The REIT is developing a formal plan of liquidation for approval by its board of directors and submission to the stockholders. If a plan of liquidation is approved by the stockholders of the REIT, there are many factors that may affect the amount of liquidating distributions the REIT will ultimately pay to its stockholders, including, among other things, the impact of the COVID-19 pandemic on the value of the real estate properties, the ultimate sale price of each asset, changes in market demand for office properties during the liquidation process, the amount of taxes, transaction fees and expenses relating to the liquidation and dissolution, and unanticipated or contingent liabilities arising thereafter. No assurance can be given as to the amount or timing of liquidating distributions the REIT will ultimately pay to its stockholders.

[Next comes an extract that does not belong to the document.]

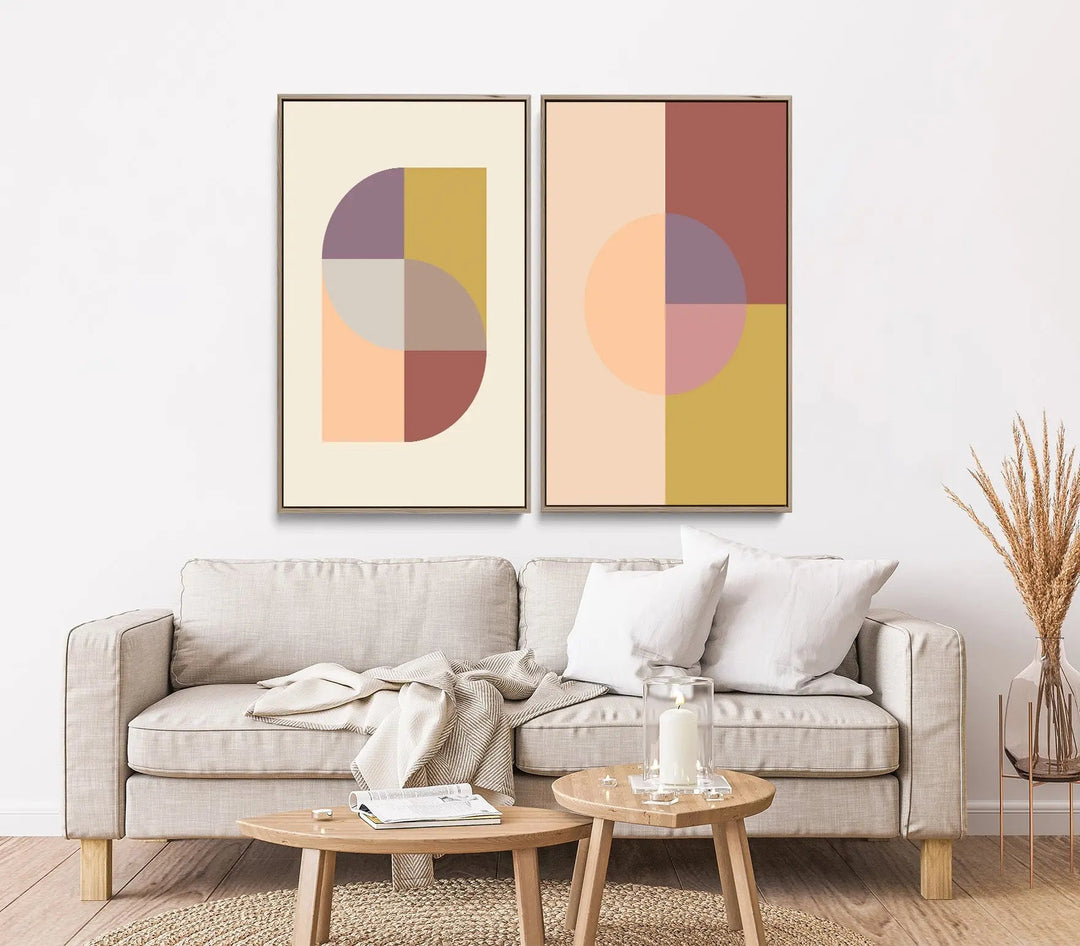 Two piece geometric print set featuring abstract art in muted earth tones framed above a beige sofa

These statements also depend on factors such as: future economic, competitive and market conditions; the REIT’s ability to maintain occupancy levels and rental rates at its real estate properties; and other risks identified in Part I, Item 1A of the REIT’s Annual Report on Form 10-K for the year ended December 31, 2020, and Part II, Item 1A of the REIT’s Quarterly Reports on Form 10-Q for the periods ended March 31, 2021, June 30, 2021 and September 30, 2021, each as filed with the SEC. You should interpret many of the risks as being heightened as a result of the ongoing and numerous adverse impacts of the COVID-19 pandemic. Actual events may cause the value and returns on the REIT’s investments to be less than that used for purposes of the REIT’s estimated NAV per share.